I made the mountains West of California City with enough altitude to take my time and find lift. Again, no lift in the mountains. Made my reserve altitude to IYK over the flats and radioed my crew to proceed. Arrived at Boomer expecting to climb onto the Sierras. Nothing, nada at Boomer.
The Stick forward, dash North over the Sierras will have wait. Landed IYK, came to a stop on the ramp with my crew just arriving. Derigged and headed South after an enjoyable and educational day soaring.
Saturday’s forecast was the carbon copy of the previous week, maybe a little stronger going toward Vegas and a little more windy and less desirable toward the Sierras. The OD potential was about the same around the class Bravo in Vegas as the previous week.
I opted to fly toward Vegas again as surface temperatures were not to the extreme. Unfortunately this flight was short lived due to a transponder failure. If I had opted in any other direction this would have been a non issue but I made an oath to myself to never again try navigating around or above class Bravo, even though it’s legal. I did that once with my old Libelle a very long time ago, and it reminded me what the battle of Britain must have looked like, no thanks just the same.
I launched right about noon, behind ES, thanks again Chris for the consideration. I heard ES not finding much in the mountains (this was sort of predicted), so I got off tow around 6k over the golf course. ES and I struggled around in choppy lift near the airport, finally leaving the area, calling Bikle’s and Adelanto, tiptoeing toward Apple Valley. The closer I got the better the conditions became as I encountered the shear line.
My transponder which was acting up the previous week failed me now completely. I called Sean that I will be landing in Apple Valley. I than ran into a very strong thermal over So. Cal. Logistics, taking me to almost 11K and easy glide to Barstow/Daggett, so what the heck, why don’t I just land there instead.
I managed to call Marty Eiler on the phone in flight 🙂 and asked him if he had time to look at my problem (bribed him with dinner actually) and he agreed to. My whole flight lasted 1:40 only, but I would rather give up a mediocre day for the peace of mind. Marty and I managed to sort through the problem, with an identical used unit purchased from him very reasonably, and now the old one will be going in for repairs and I should have as a spare. (Two antiques are better than one!)
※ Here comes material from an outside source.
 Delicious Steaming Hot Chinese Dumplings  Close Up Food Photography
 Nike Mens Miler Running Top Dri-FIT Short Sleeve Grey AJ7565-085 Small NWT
Too often, glider pilots release their tow at some arbitrary, predetermined altitude while not yet where they need to be; or after passing through lift and leaving it behind; or (dumbest of all) in SINK… The smart thing to do is know what average climb rate to expect from your tug for a given atmospheric condition and then observe what you’re actually getting throughout the tow. You need a sustained minimum of at least 300 feet per minute more than the average towing climb rate to be sure of gaining altitude after release.
Those confident of their skills may choose to release as soon as staying aloft seems possible, just for the challenge, but beginners are wise to tow at least a little higher than necessary in case they fail to make good use of the first available lift. Otherwise, a pilot who fails on the first try might also be one who could use some extra landing practice…
If you see one or more sailplanes a few hundred feet higher, loitering but not climbing much, realize that the bottom of their lift could be still above you. Few things are more frustrating than falling out of zero sink from slightly below other ships that eventually climb away. Once on tow, most of the cost has already been incurred, so if you’e unsure (especially early in the tow) staying on a few seconds longer is usually a good idea.
Nonetheless, when you see others climbing blissfully it’s pointless to tow beyond them and pay to be taken somewhere else – perhaps even above the best lift. After all, soaring is the point of our sport, and towing higher than necessary defeats that lofty purpose altogether.
Finally, have a strategy that goes into effect as soon as the tow plane moves away. If you merely release in dead air and then wander off hoping for luck, you risk wasting much (or all) of your precious altitude before doing any real soaring.
Ramblings of an Armchair Squadron Cadet (AKA Jonathan Delbruck)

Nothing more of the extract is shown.